I’ve found reading in general a bit of a challenge this month. It’s always a busy one at work, and this year my department had to make a major decision about entry to our first-year courses that took a lot of time and energy. Then I was reading a couple of books to review for our literary magazine. I enjoy doing this (I write one every year or two), but it’s hard. The reading challenges me: I get small press fiction and non-fiction which is often quite different from my usual reading choices, and I have to read more attentively to prepare for a formal review; the writing challenges me: it’s only 1400 words but it’s not it’s less personal and I have less sense of audience than when I’m blogging, so I get writer’s block. It usually involves a lot of procrastination which does not, sadly, involve reading other books (although I am halfway through another go-round of Anthony Powell’s Dance to the Music of Time saga on audio and have played a lot of solitaire). I’ve read only a couple of books in May besides the two review ones. And my TBR Challenge book, which took me forever and which I only really read half of.
When I looked at the TBR Challenge schedule back in January and saw that May’s theme was Kickin’ It Old School, I decided it was time to read Johanna Lindsey’s Gentle Rogue. I picked this up in a giant Lindsey sale a couple of years ago, on the theory that a) I should read something by this classic author and b) this one sounded not too crazysauce/rapey for my taste. It’s called Gentle Rogue, after all! Shipboard romance and cross-dressing heroine are tropes I’ve enjoyed before. So. Well. This book did indeed not outrage me, but it bored me. I got stuck in the middle forever (I avoided reading it) and finally got through by skimming the second half. Let me explain.

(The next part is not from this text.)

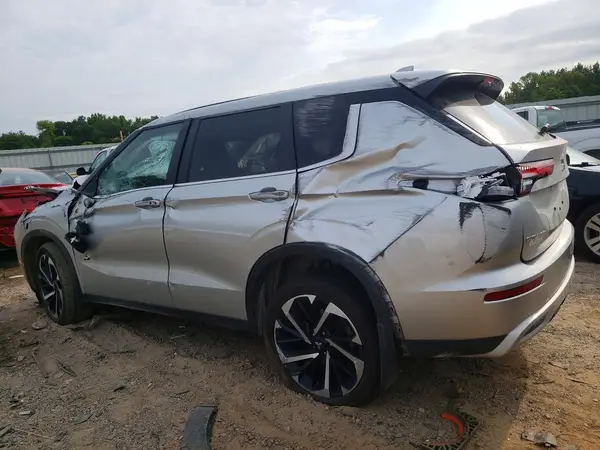 JA4J4VA85RZ023688 2024 MITSUBISHI OUTLANDER - Image 2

1. There’s hardly any plot. In the opening chapters we get a bunch of backstory about the hero and heroine: her money was stolen on the way to London to find her missing fiancé; he used to be a pirate, found his illegitimate son, and made peace with his family. Hang on, I thought, all the interesting stuff has already happened to these people. What’s left? Not much but bickering and having sex, it turns out. At one point a pirate ship turned up in the distance and I was like, Yay, plot! but the hero told his first mate to outrun it because he needed to have sex with the heroine. Boo, no plot! (I get that this is a sign of his unacknowledged love and how he now cares most about her but I still wanted something to happen!)

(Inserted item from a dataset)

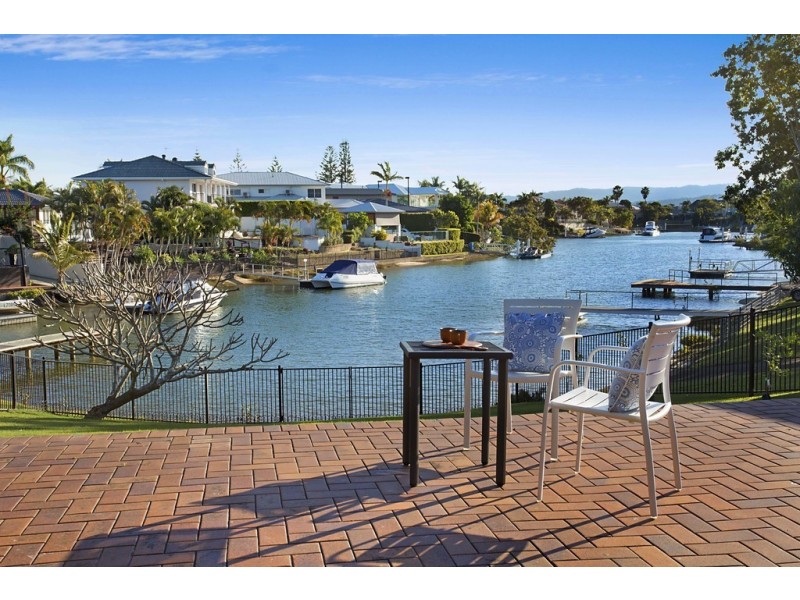 18 Panitz Street, Sorrento QLD 4217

2. There are basically no conversations in Gentle Rogue that are not bickering. When Georgie and James are not bickering with each other, they are bickering with their many, many prequel- and sequel-baiting brothers (I cannot say how annoying all the extraneous Malory backstory in the first several chapters was. Irrelevant and confusing summaries of previous books. An object lesson in how not to do backstory/pique reader interest in your other books). While mired at 30% of Lindsey’s book, I got into a Twitter conversation about humor and how personal a taste it is. I could see how some people love this book and find it hilarious. I did not. I like witty banter and I can like full-on fights, but bickering is an in-between thing that does not work for me.
3. I always say I want longer romances but I wonder if that’s really true. I would have enjoyed this book more had it been pruned to about 250 pages, with repetitive and pointless scenes cut. Because there were elements I found charming and emotionally appealing. They just got drowned out. If books are going to be longer, I want more plot, more interesting characters/psychological depth, and better writing. (It wasn’t terrible, but it was wordy and rambling–not interesting in and of itself but only as a vehicle for the story). I felt reading this, “Be careful what you wish for.”
I never expected to love Johanna Lindsey, but I disliked this for reasons I wouldn’t have predicted. As I was reading, though, I found myself thinking that I probably would have enjoyed this more when I was new to genre romance, when the characters and conflict would have been fresher to me. And then I remembered that as a newbie romance-reader, because I thought of romance as “not very good,” I felt free to skim a lot. I skipped over the bits that bored me or seemed clumsy, and just read the moments that made me laugh or engaged me emotionally or when the plot got exciting. So that’s what I did here. And at that pace, I did find some scenes I enjoyed.
I’m not sure what the lesson in all this is for me. Except that I’ve realized I don’t care any more about “educating” myself as a romance-reader. I just want to read what I like. Also, don’t pick a 400-page book for a challenge in a busy month. I’d have finished on time if I’d gone for a traditional Regency, and enjoyed myself more too. So I think this was a successful challenge in that it might mean I give myself permission to dump some things I know aren’t for me but feel I should read from my TBR.
Anyway, some major work things are off my desk now and I hope to get my blogging mojo back and tell you soon about some of the books I liked more than this!